Thursday, July 31, 2014

Frequentist vs. Bayesian Statistics

Two approaches to problems in the world of statistics and machine learning are that of frequentist and Bayesian statistics. This comic from XKCD illustrates a difference between the two viewpoints.

We have a neutrino detector that measures whether the sun has gone nova. The detector is not perfect; 1/36 times, the detector incorrectly indicates whether or not the sun has gone nova. [The probability of rolling two fair die as both 6 is 1/6 * 1/6 = 1/36.]

Next, we push the button on the detector to try it, and it indicates that the sun has gone nova. Has the sun indeed exploded? [The sun is shining on the other side of the earth, and there is a time lag for the light from the sun to reach us.]

The frequentist might make the following point. The probability that the detector would lie to us is 1/36. That's pretty small...

The Bayesian statistician cannot argue with this point. However, and this is the distinction between the two mindsets, the Bayesian statistician would take his or her prior knowledge into account that the probability of the sun exploding today is very small, so most likely the detector is lying, in spite of the fact that the detector is unlikely to lie.

Let's put this into some formal mathematics. Define two events:
E: the sun has exploded
D: the neutrino detector has detected an explosion.

We know that the probability that the detector has detected an explosion given that there was not actually an explosion is P(D | ~E) = 1/36. The quantity that we're interested in for making this bet is the probability that there was actually an explosion given the data that the detector has detected an explosion, P(E | D). A fancy name for this probability is the posterior probability.

To get the posterior P(E | D), we need to use Bayes' theorem:

P(E | D) = P(D | E) P(E) / P(D).

The term P(D | E) is called the likelihood; this is the probability of observing the data given the event. Frequentists focus on the likelihood when determining whether or not an event has occurred. In this case,
P(D | E) = 1 - P(~D | E) = 1 - 1/36 = 35/36.
The likelihood is quite high, so the frequentist might conclude that the sun indeed exploded.

However, of course, Bayes' theorem tells us that there is another contribution to the story: the term P(E), which is called the prior.
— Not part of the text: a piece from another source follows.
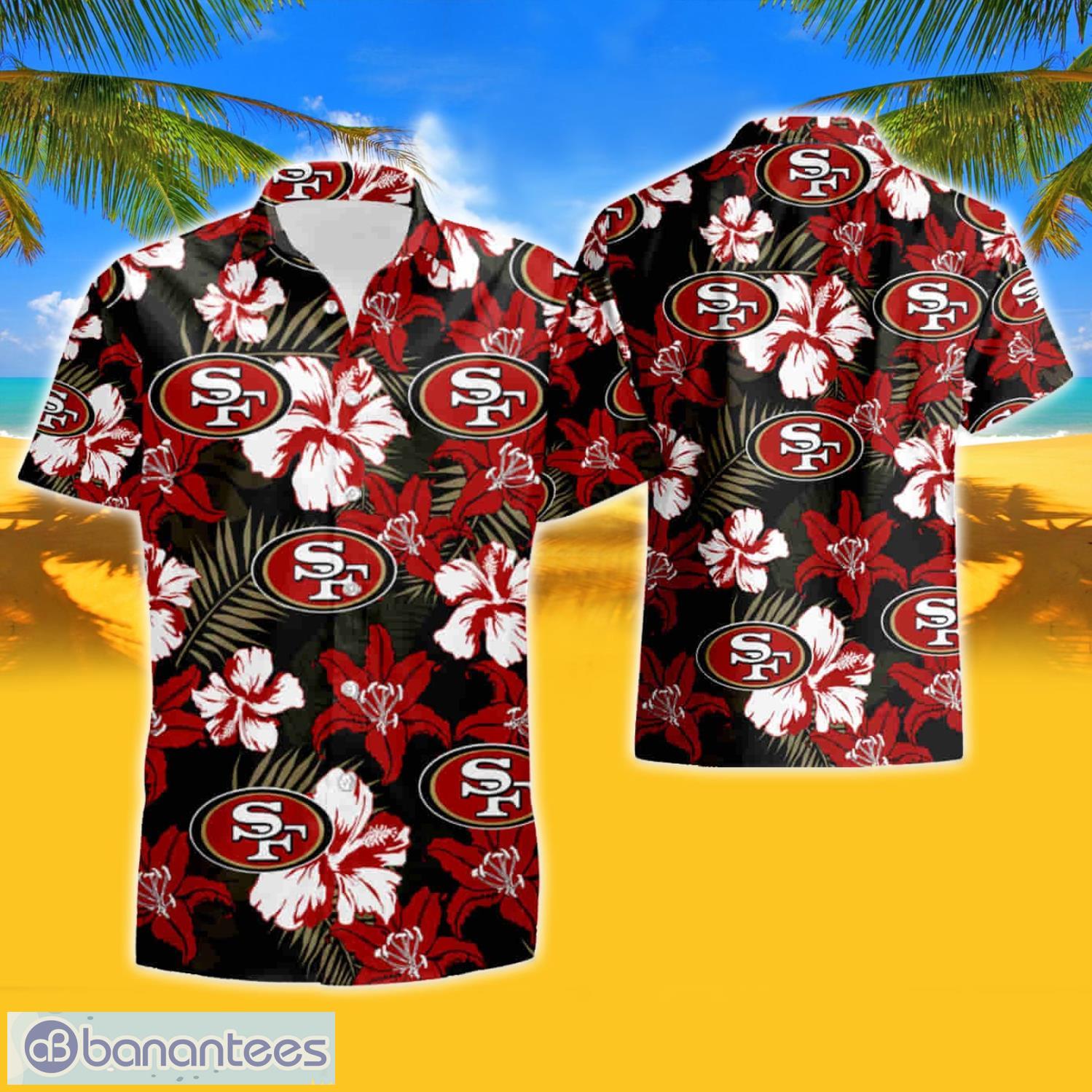 San Francisco 49ers Nfl Tommy Bahama 2023 Summer Gift Hawaiian Shirt And  Shorts - Banantees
This is simply the probability that the sun has exploded. We know that this is indeed very small, and the Bayesian statistician would inject this "prior knowledge" into the problem, hence taking the prior probability P(E) into account in determining P(E | D).

The probability of the detector detecting an explosion P(D) is somewhat redundant since we can write it in terms of other quantities:
P(D) = P(D | E) P(E) + [1 - P(D | E)] [1 - P(E)].
     ... = 34/36 P(E) + 1/36.
Note that this term goes to 1/36 as P(E) gets small and is 35/36 if P(E) = 1 (i.e. if the sun exploded with certainty) .

Thus, we should write the probability that the sun actually exploded, given our evidence that the neutrino detector went off,
P(E | D) = 35/36 P(E) / ( 34/36 P(E) + 1/36).
At small prior probabilities, this looks like
P(E | D) ~ 35 P(E).
The Bayesian statistician knows that the astronomically small prior P(E) overwhelms the high likelihood P(D | E).

In this problem, we clearly have a reason to inject our belief/prior knowledge that P(E) is very small, so it is very easy to agree with the Bayesian statistician. However, in many cases, it is difficult or unjustified to assume prior knowledge P(E).

This bet is quite moot anyway. Consider the "loss function": if the Bayesian statistician is correct, you lose $50. If the Bayesian statistician is incorrect, the world will end and you probably won't have a chance to spend the $50.